In WinForms, all you really need to do is drop a WebBrowser from your Toolbox on your form and once it's loaded the page call:
Bitmap bitmap = new Bitmap(width, height);
webBrowser1.DrawToBitmap(bitmap,
new Rectangle(webBrowser1.Location.X, webBrowser1.Location.Y,
webBrowser1.Width, webBrowser1.Height));
Obvious enough. When it gets tricky is when you want to do it in a console application in a way that can take a shot of multitude of Websites provided in a batch file. There is a dirty way of instantiating a whole form, making it show (or not), doing the work and then exiting the WinForms app. This might probably be enough for a quick solution, but I wanted a clean piece of code, so I would actually NOT take pride in something in that tone.
How is it done then...
So we instantiate the Web control in our class constructor...

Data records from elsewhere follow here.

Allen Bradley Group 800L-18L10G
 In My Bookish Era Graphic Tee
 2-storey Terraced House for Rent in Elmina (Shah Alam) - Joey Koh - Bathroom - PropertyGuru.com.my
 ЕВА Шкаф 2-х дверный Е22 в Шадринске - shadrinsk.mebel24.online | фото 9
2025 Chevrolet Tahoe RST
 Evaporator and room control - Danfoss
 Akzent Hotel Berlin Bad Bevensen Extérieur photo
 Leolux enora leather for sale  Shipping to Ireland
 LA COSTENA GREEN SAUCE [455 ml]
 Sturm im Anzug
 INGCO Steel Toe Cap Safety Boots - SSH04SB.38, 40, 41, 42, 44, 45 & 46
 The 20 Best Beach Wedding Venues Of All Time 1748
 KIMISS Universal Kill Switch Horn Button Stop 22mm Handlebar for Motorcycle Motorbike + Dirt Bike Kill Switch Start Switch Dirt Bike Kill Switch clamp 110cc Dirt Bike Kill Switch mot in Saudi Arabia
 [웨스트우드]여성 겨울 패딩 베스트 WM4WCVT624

public WebPageBitmap(string url, int width, int height, bool scrollBarsEnabled)
{
this.url = url;
this.width = width;
this.height = height;
webBrowser = new WebBrowser();
webBrowser.DocumentCompleted += new WebBrowserDocumentCompletedEventHandler(documentCompletedEventHandler);
webBrowser.Size = new Size(width, height);
webBrowser.ScrollBarsEnabled = scrollBarsEnabled;
}
Easy so far and pretty similar to what the regular app would do anyway. The documentCompletedEventHandler
is a delegate
to tell that it has loaded. (I initially wanted to use that for drawing the bitmap but deferred that to the point where the bitmap is actually fetched after I added the resizing part.) Now comes the interesting case.
The Neat Part
Since the call is asynchronous, a simple webBrowser.Navigate
(URL); just won't cut it. We are in a single thread and the browser does not create a separate thread for that. This makes sense by the canonical windows rule: Only the thread that creates a control, accesses the control. We need to somehow allow the control to take the flow of the thread and do its work. Navigate only tells it that it should perform the action and immediately exits. The developer's responsibility then is to know when the control is ready for consumption. Which is the case when the webBrowser.ReadyState
progresses to (or returns to) the state of WebBrowserReadyState.Complete
.
The Solution
To pass the flow to the app controls, you need to perform Application.DoEvents();
which was a bit of a wild guess when I used it. Surprise, surprise, it works just like it did in other Windows frameworks that I used before.
public void Fetch()
{
webBrowser.Navigate(url);
while (webBrowser.ReadyState != WebBrowserReadyState.Complete)
{
Application.DoEvents();
}
}
The effect is a tiny and neat (I hope) app that pulls a Web page from the net and makes a screenshot off of it (with possible rescaling).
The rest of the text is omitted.